St. Louis can use city tax dollars to build a new NFL stadium for the Rams without a public vote on the matter, Circuit Court Judge Thomas Frawley ruled on Monday. Critics say the decision calls into question the city’s spending priorities one year after the killing of an unarmed black teenager ignited long-simmering racial tensions and exposed extreme poverty, corruption, and racial bias throughout the county.
A 2002 ordinance requires a city vote before spending public money on a new sports facility. Frawley declared the ordinance invalid, saying portions were “too vague to be enforced.”
The most recent financing plan puts the final price tag for the new stadium at $998 million, with $201 million of that coming from state and city bonds and $187 million in tax credits and other state or city incentives. The rest would come from the NFL’s loan program, the team owner, and personal seat licenses.
Antonio French, a city alderman representing the 21st Ward, denounced the decision and the fact that city and state leaders would choose to prioritize stadium development over several other glaring problems in need of investment.
“When you look at the city of St. Louis and our needs, especially post-Ferguson and the world seeing the issues here in the St. Louis region, for anyone to suggest that the billion dollar investment we need to make is in a football stadium is crazy,” French told ThinkProgress.
For anyone to suggest that the billion dollar investment we need to make is in a football stadium is crazy.
This week marks one year since Michael Brown was shot and killed by a police officer while walking down the street in the St. Louis suburb of Ferguson. The incident sparked protests and a scathing Department of Justice investigation, all of which exposed many of the disparities in Ferguson and the surrounding municipalities that had escaped the national spotlight.
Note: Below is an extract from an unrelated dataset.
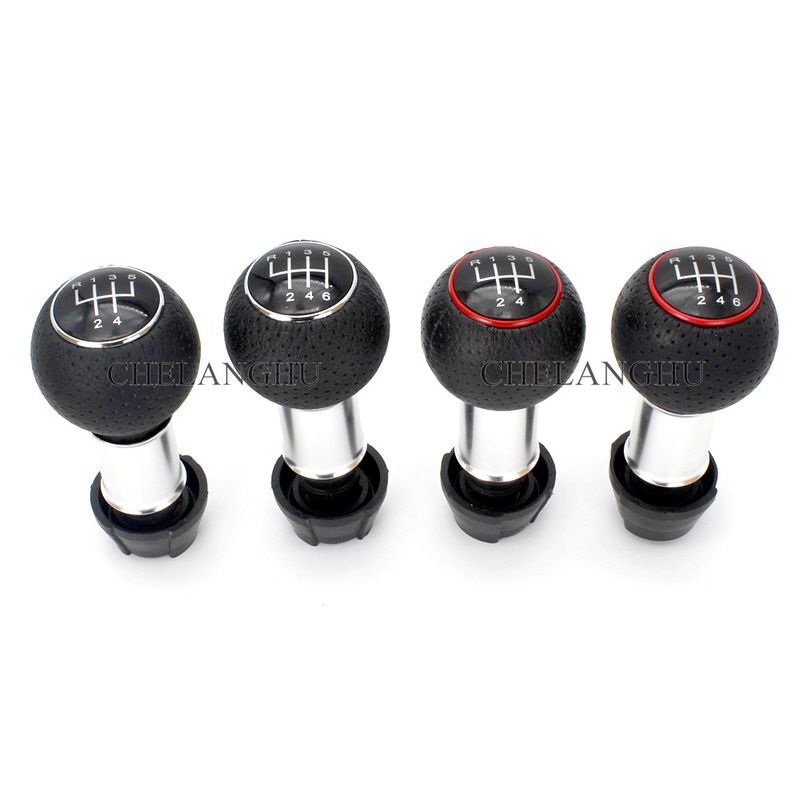 Voor Audi A1 A2 A3 8L 8P A4 B5 B6 B7 B8 B9 A5 A6 C5 C6 C7 C8 C9 A7 Auto-Styling 5/6 versnellingen versnellingspookknop_voghion.com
“Those of us who represent neighborhoods who have been struggling for many years, we know that people here have long felt abandoned and the issues that really mean life or death to them aren’t given the same attention by city leaders and state government,” French said, listing among those issues the fact that the region has some of the highest homicide rates in the nation and an education system in desperate need of funding.
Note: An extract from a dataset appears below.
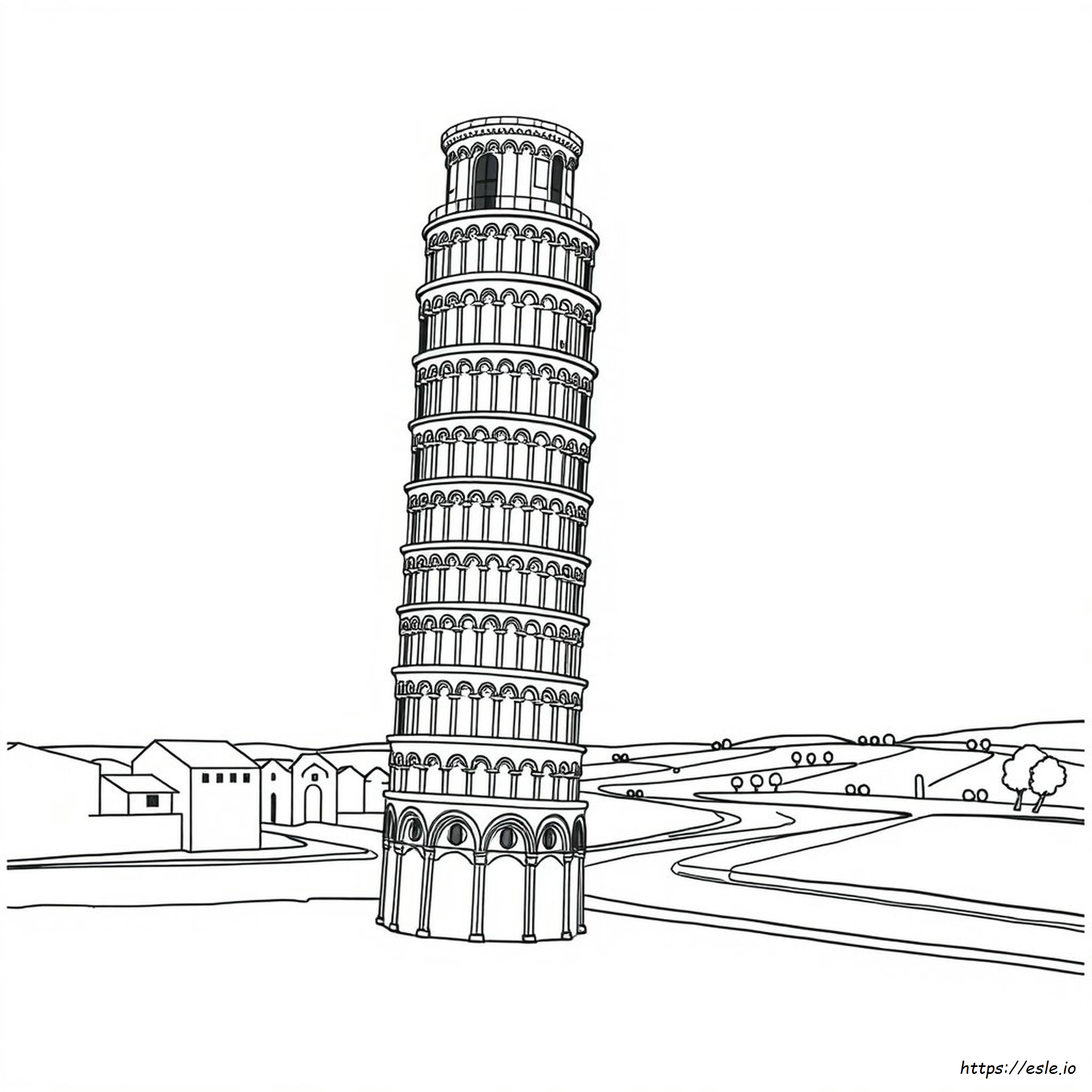 Torre Di Pisa Da Colorare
But the everyday challenges those residents face have taken a back seat to “well-connected millionaires who get task forces assigned by the governor to fix their problems,” French said. Nixon created the stadium task force last year in an attempt to keep the Rams in St. Louis. The Ram’s owner, Stan Kroenke, has threatened to move the team back to Los Angeles if a new stadium isn’t constructed. His plan to build a nearly $2 billion stadium in Inglewood, California was hurriedly approved by the city council in February without a public vote. The Raiders and Chargers have also employed the threat of relocating to L.A., making it an effective bargaining chip for the NFL to push cities like St. Louis to offer up taxpayer dollars for new stadiums.
Missouri Gov. Jay Nixon (D) said in an emailed statement that Monday’s ruling “clears the way for the stadium task force to continue making solid progress under the aggressive timeframes set by the NFL” and Bob Peacock, co-leader of the stadium task force and former Anheuser-Busch president, called on residents “to rally on behalf of something that will make a difference in our economy, national profile and quality of life for generations to come.”
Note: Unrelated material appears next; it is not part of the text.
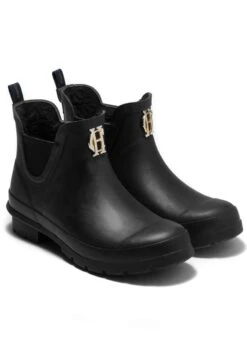 Holland Cooper Rubber Chelsea Boot - Black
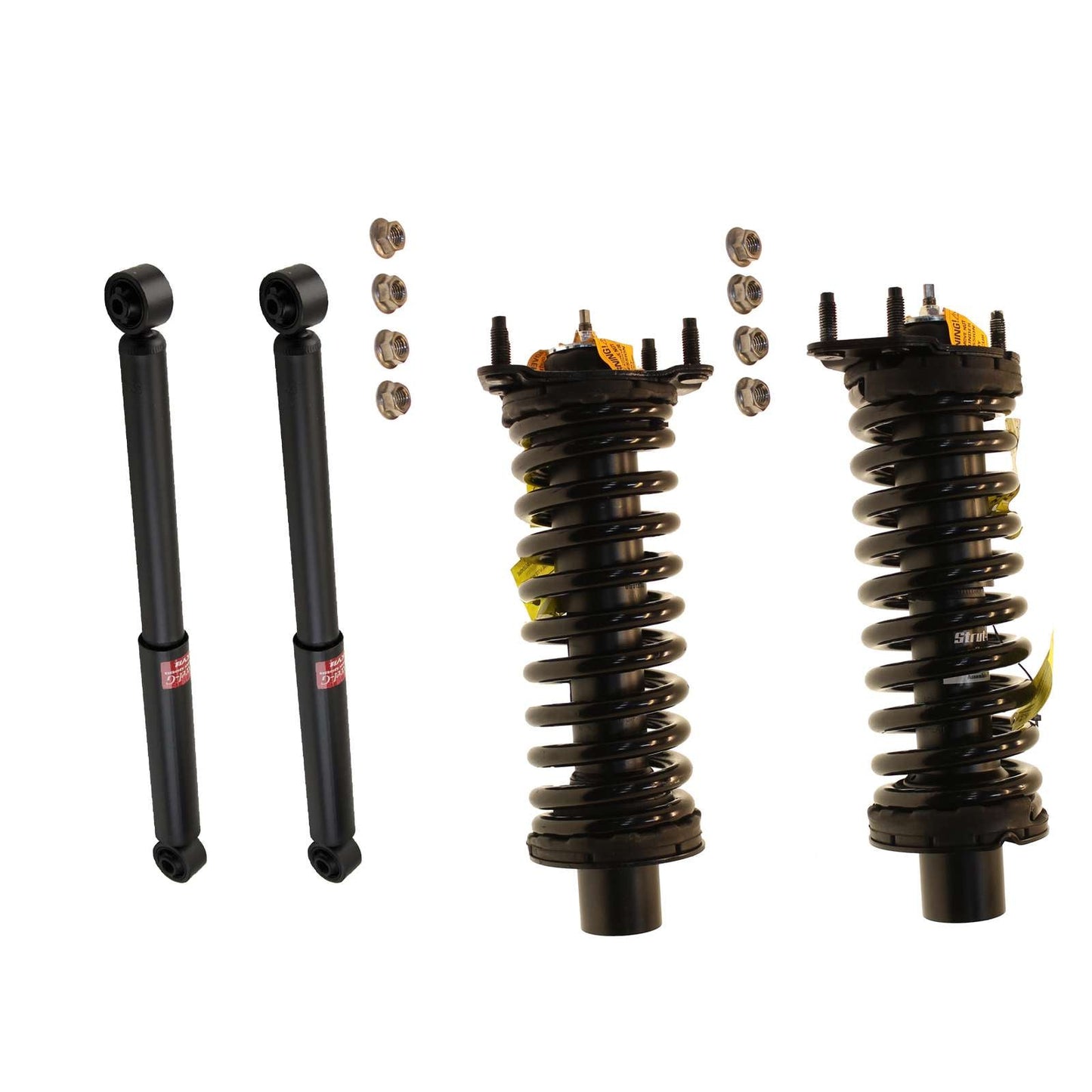 KYB Strut Plus Shocks & Spring Assembly + Rear Excel-G Shocks Set - 2002-2012 Jeep Liberty 4WD AWD RWD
Other officials weren’t as enthusiastic about Frawley’s decision. St. Louis Mayor Francis Slay supports stadium development but has defended the public’s right to vote on the process. His chief of staff called Monday’s ruling “very disappointing.”
French said he and his colleagues would be assessing their options in the coming days and other opponents indicated they would keep fighting the prospect of taxpayer dollars being allocated for the stadium without a public vote. John Ammann, a St. Louis University law professor, filed a motion to allow three city residents to intervene in the case, which Frawley also denied on Monday. Ammann said his clients would appeal the decision and called on the mayor, in keeping with his promise to defend the city ordinance requiring a public vote, to do the same.
“We’re coming up on the one-year anniversary of Michael Brown’s death, and the Normandy School District is still unaccredited,” Ammann told St. Louis Public Radio. “But what the leaders of the stadium authority and the city are talking about is a new stadium. You can decide any priorities you want, but let’s at least have a public discussion about what the priorities of the community are.”